By JOHNSON O. ESEZOBO
01 September 2015   |   2:14 am
The first port of call in the determination of the issues at hand is Section 36 of the 1999 Constitution which guarantees a citizen’s right to fair hearing as well as the other provisions referred to by counsel.

Scale-of-justiceThe first port of call in the determination of the issues at hand is Section 36 of the 1999 Constitution which guarantees a citizen’s right to fair hearing as well as the other provisions referred to by counsel. Section 36(2) referred to by the Appellants’ counsel provides: 1. Without prejudice to the foregoing provisions of this section, a law shall not be invalidated by reason only that it confers on any government or authority power to determine questions arising in the administration of a law that affects or may affect the civil rights and obligations of any person if such law- (a) Provides for an opportunity for the person whose rights and obligations may be affected to make representations to the administering authority makes the decision affecting that person; and (b) Contains no provision making the determination of the administering authority final and conclusive.
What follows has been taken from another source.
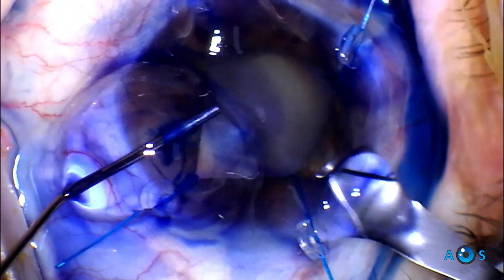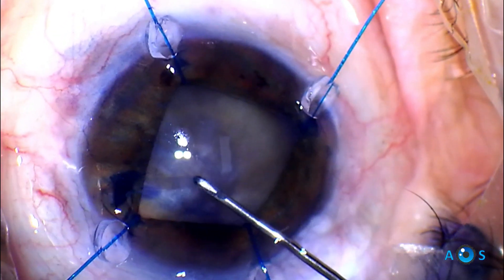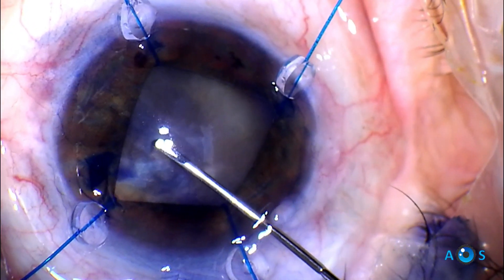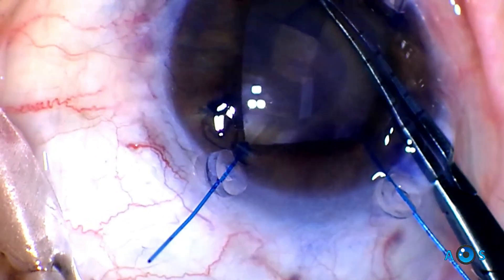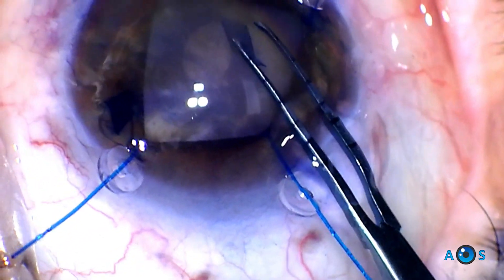Trypan Blue is used to stain the anterior capsule. A 2.4-millimeter incision is made, and now a cystitome is used to create a very small opening. Notice that even while puncturing the capsule, faint movement is noted of the lens capsular bag complex, so we know there is some degree of zonular dialysis.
Section 44 states. 1. No movable property or any interest in an immovable property shall be taken possession of compulsorily and no right over or interest in any such property shall be acquired compulsorily in any party of Nigeria except in the manner and for the purposes prescribed by a law that, among other things- (a) Requires the prompt payment of compensation therefore and (b) Gives to person claiming such compensation a right of access for the determination of his interest in the property and the amount of compensation to a court of law or tribunal or body having jurisdiction in the part of Nigeria. 1. Noting in subsection (1) of this section shall be constructed as affecting any general law. (a) For the imposition of enforcement of any tax, rate or duty; (b) For the imposition of penalties or forfeiture for breach of any law, whether under civil process or after conviction for an offence; (c) Relating to the temporary taking of possession of properly for the purpose of any examination, investigation or enquiry;…”

It is apparent from the above provisions of the Constitution that the rights of every citizen of this country to fair hearing as well as ownership of property have been ultimately guaranteed. Except as provided under the Constitution, no person or authority shall allowed to threaten or violate the rights of any citizen. The Appellants’ counsel has argued that the Appellants acted within the purview of Section 18 and 19 of the Central Licensing Authority Law Cap C8 Laws Lagos State 2003 as well as Section 17 of the Road Traffic Law Cap R10 laws of Lagos State 2003. Section 18 of Cap C8 provides:
“18. (1) Any person who does any acts specified in Schedule 2A shall be guilty of an offence punishment as (2)The Authority shall have power to impound vehicles for an offence committed under subsection (1) of this section and cause the vehicle to be removed to s removed vehicle park.”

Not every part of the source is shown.